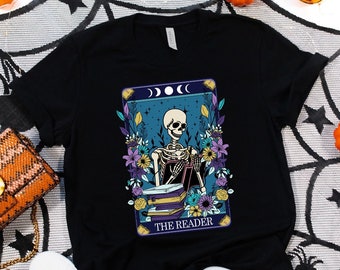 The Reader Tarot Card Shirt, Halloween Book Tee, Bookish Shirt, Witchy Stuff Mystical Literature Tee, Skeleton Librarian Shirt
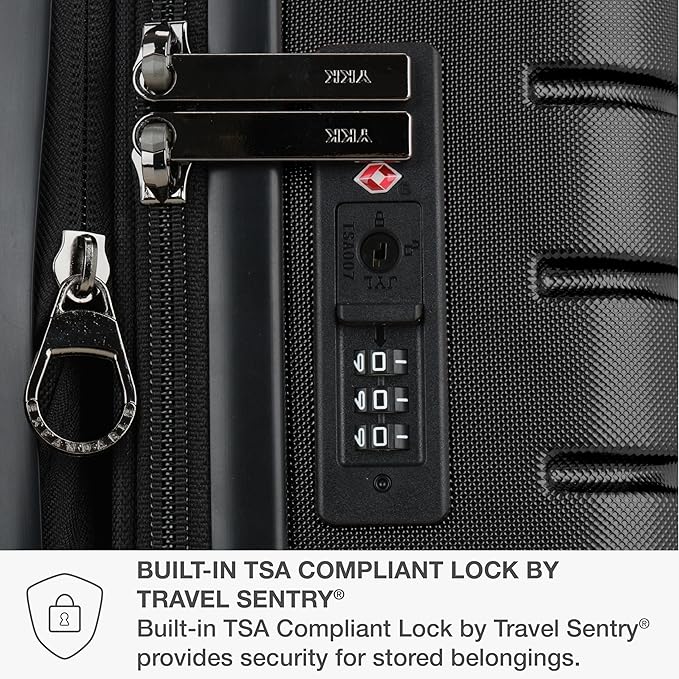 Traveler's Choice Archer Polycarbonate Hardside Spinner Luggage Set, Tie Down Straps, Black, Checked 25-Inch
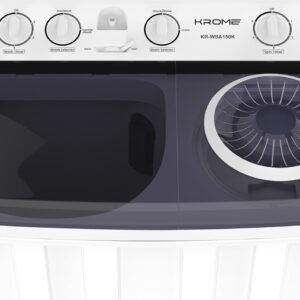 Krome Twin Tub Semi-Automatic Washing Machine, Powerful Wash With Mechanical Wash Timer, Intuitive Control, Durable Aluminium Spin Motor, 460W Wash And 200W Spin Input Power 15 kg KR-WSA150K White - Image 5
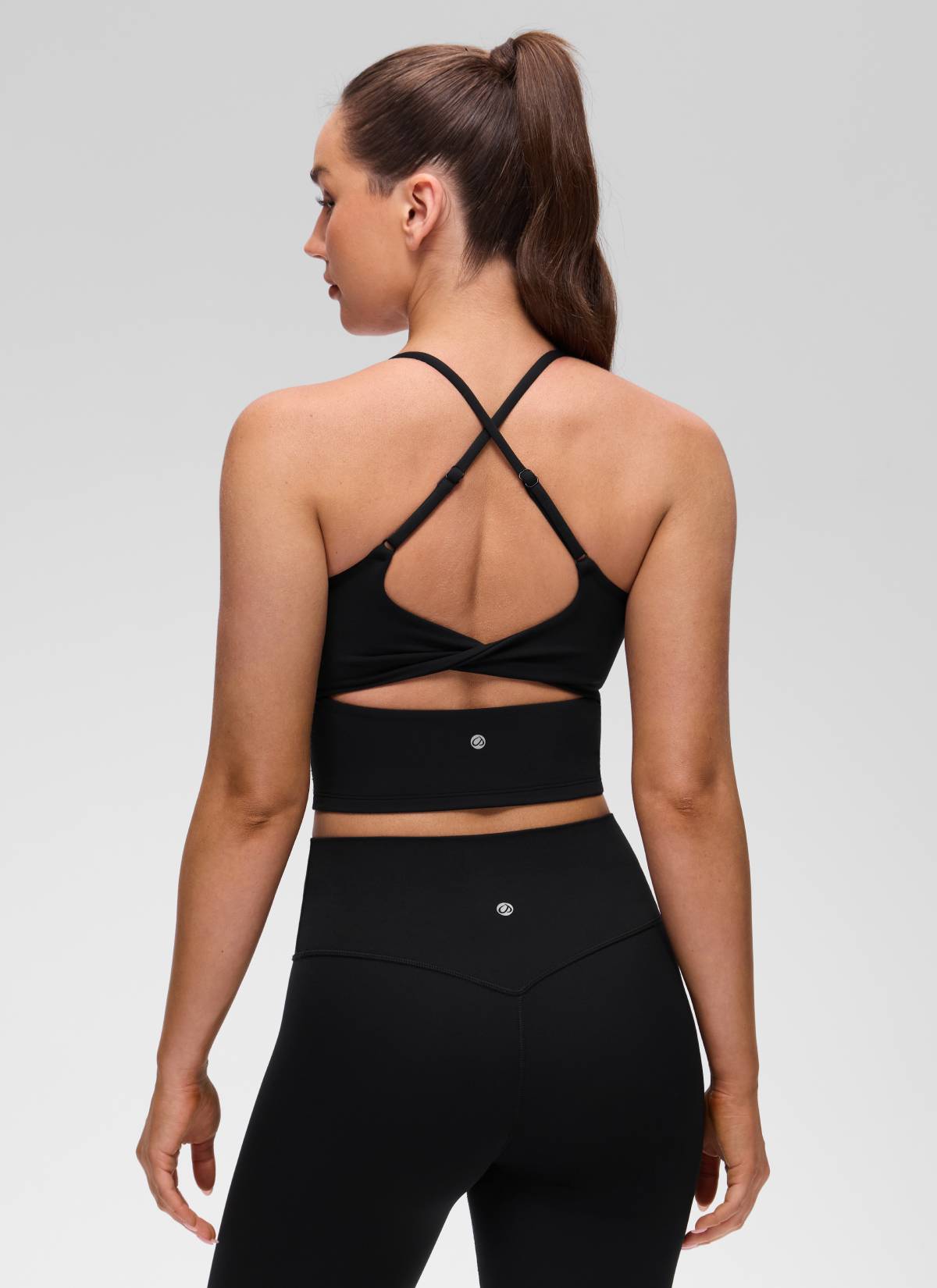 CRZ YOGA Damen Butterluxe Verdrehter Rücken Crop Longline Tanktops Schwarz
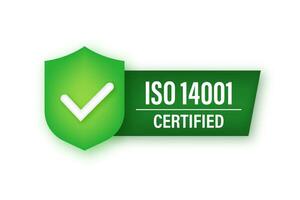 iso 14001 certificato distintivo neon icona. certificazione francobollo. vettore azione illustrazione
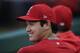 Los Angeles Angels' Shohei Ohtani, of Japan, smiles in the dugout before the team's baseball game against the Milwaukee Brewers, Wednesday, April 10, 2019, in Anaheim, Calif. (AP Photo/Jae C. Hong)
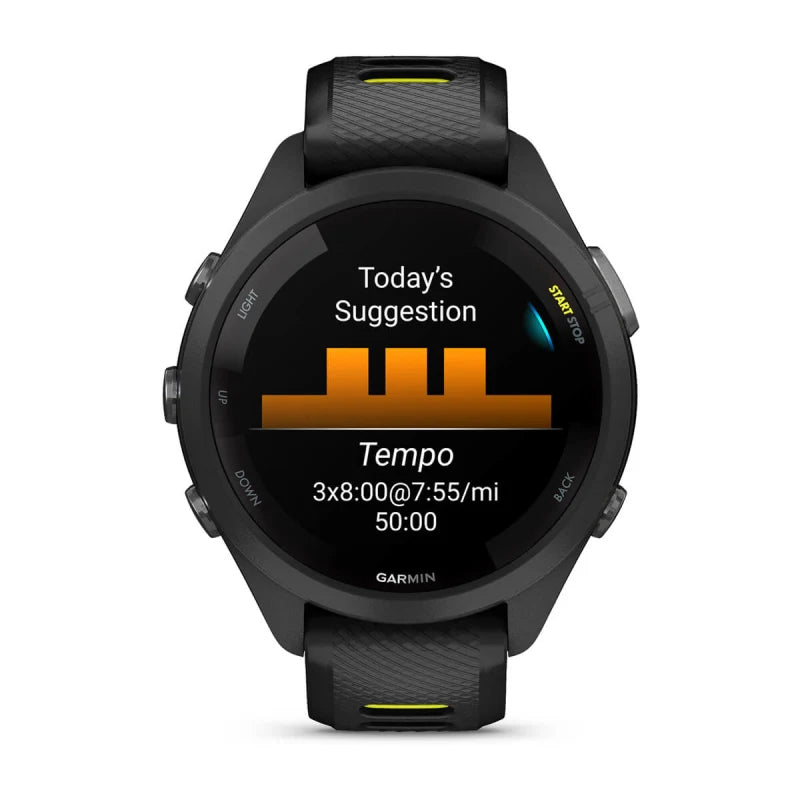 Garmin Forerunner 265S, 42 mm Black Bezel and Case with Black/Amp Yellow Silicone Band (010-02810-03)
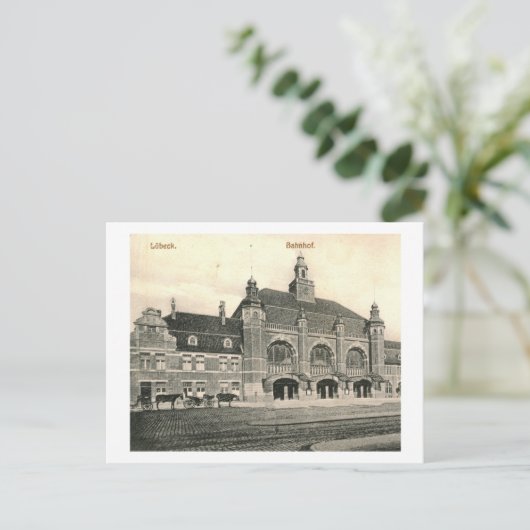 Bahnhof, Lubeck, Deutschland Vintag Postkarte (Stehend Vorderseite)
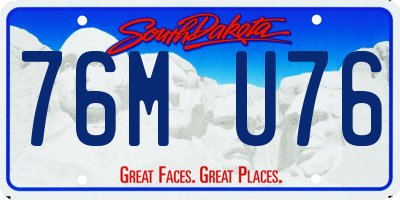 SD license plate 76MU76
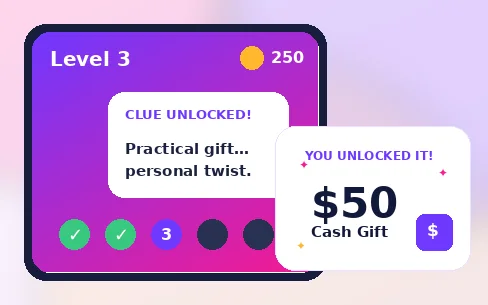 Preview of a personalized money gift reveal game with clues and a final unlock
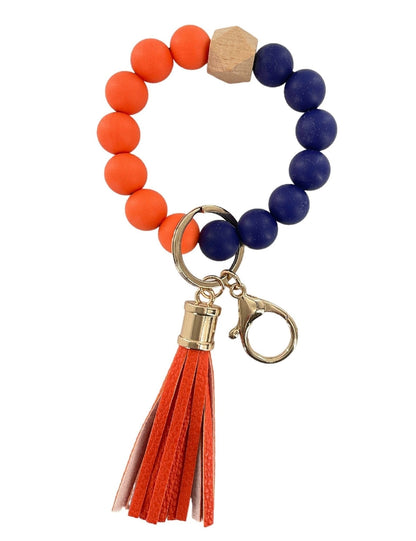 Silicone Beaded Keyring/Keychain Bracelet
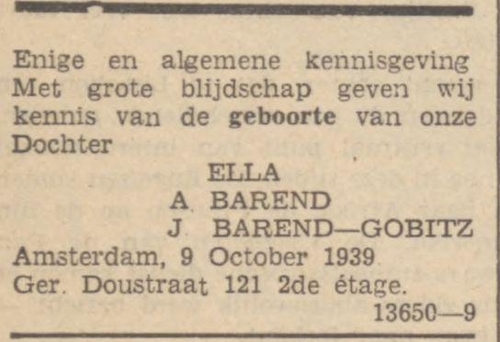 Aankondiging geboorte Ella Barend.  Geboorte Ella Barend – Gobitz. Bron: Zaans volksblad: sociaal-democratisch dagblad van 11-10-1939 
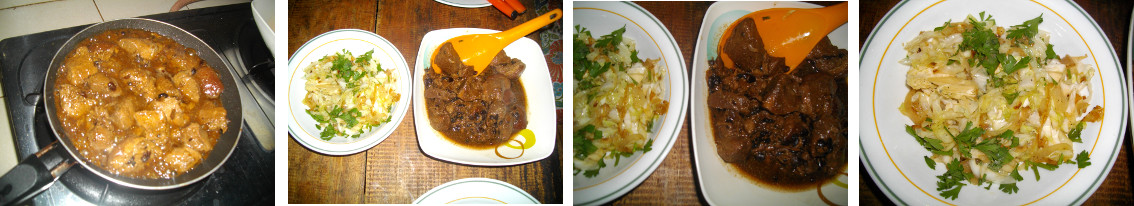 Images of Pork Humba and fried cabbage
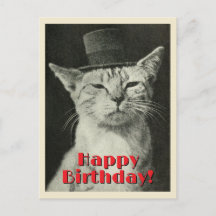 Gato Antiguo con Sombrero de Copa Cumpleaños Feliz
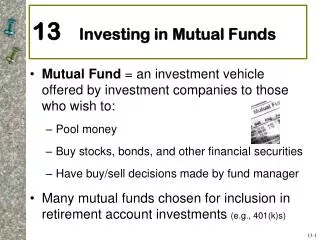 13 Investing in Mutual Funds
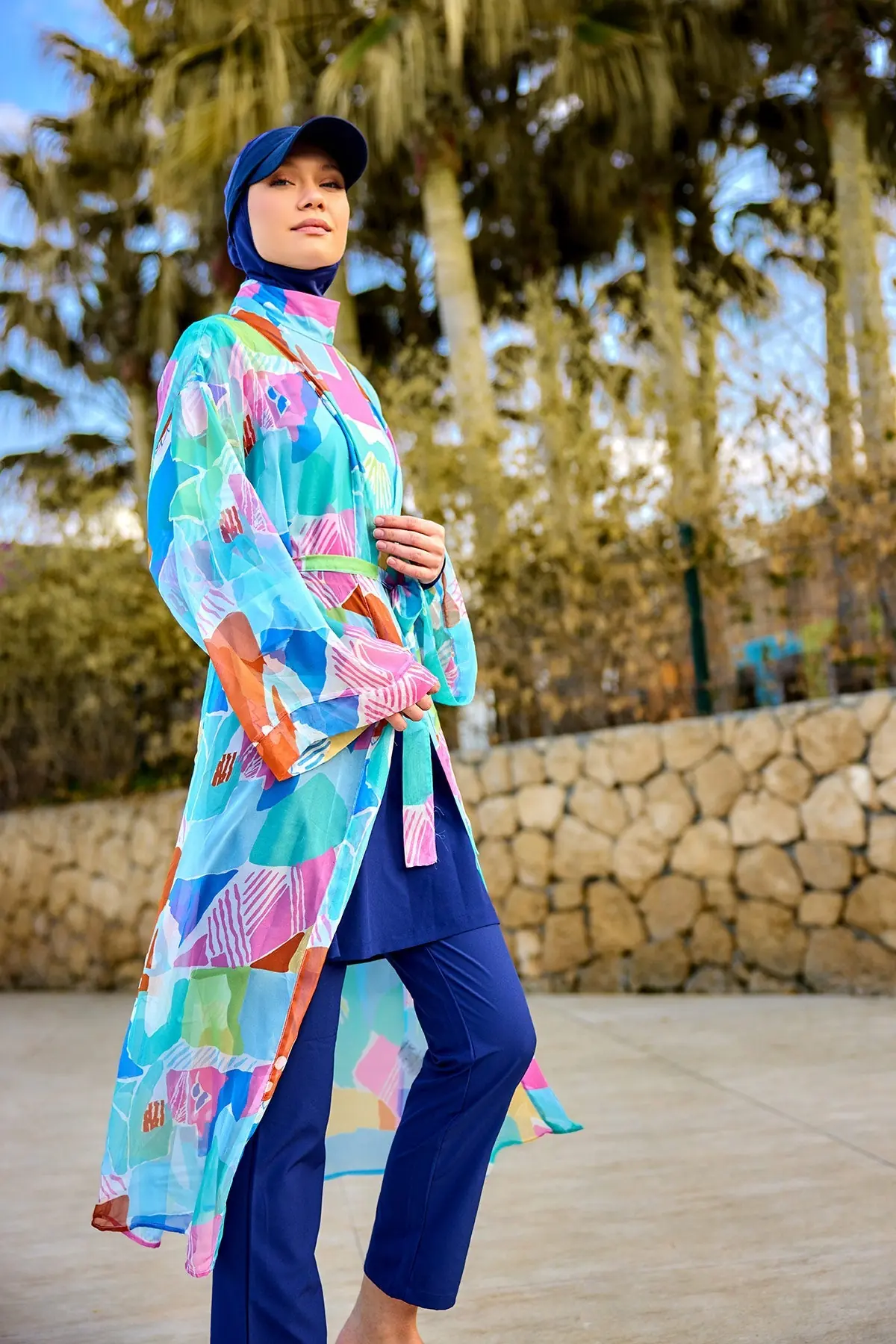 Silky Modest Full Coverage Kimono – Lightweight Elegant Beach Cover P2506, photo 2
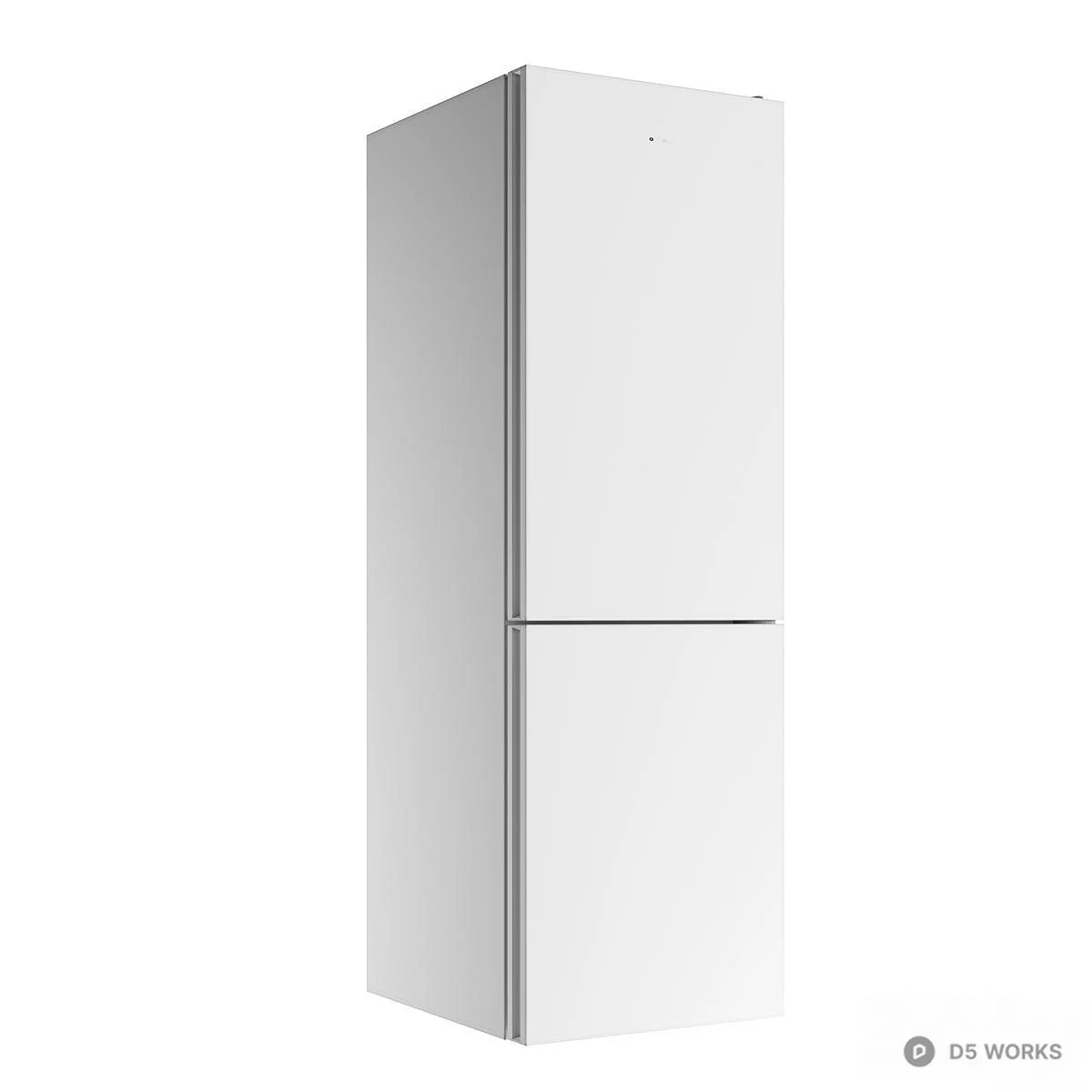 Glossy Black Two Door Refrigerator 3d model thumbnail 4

▸ What is required:
When the line that holds "Silky Modest Full" is reached, begin duplicating exactly, and continue through the last line of the listing, skipping the pictures; output nothing else.

▸ Exercise solution:
 Silky Modest Full Coverage Kimono – Lightweight Elegant Beach Cover P2506, photo 2
 Glossy Black Two Door Refrigerator 3d model thumbnail 4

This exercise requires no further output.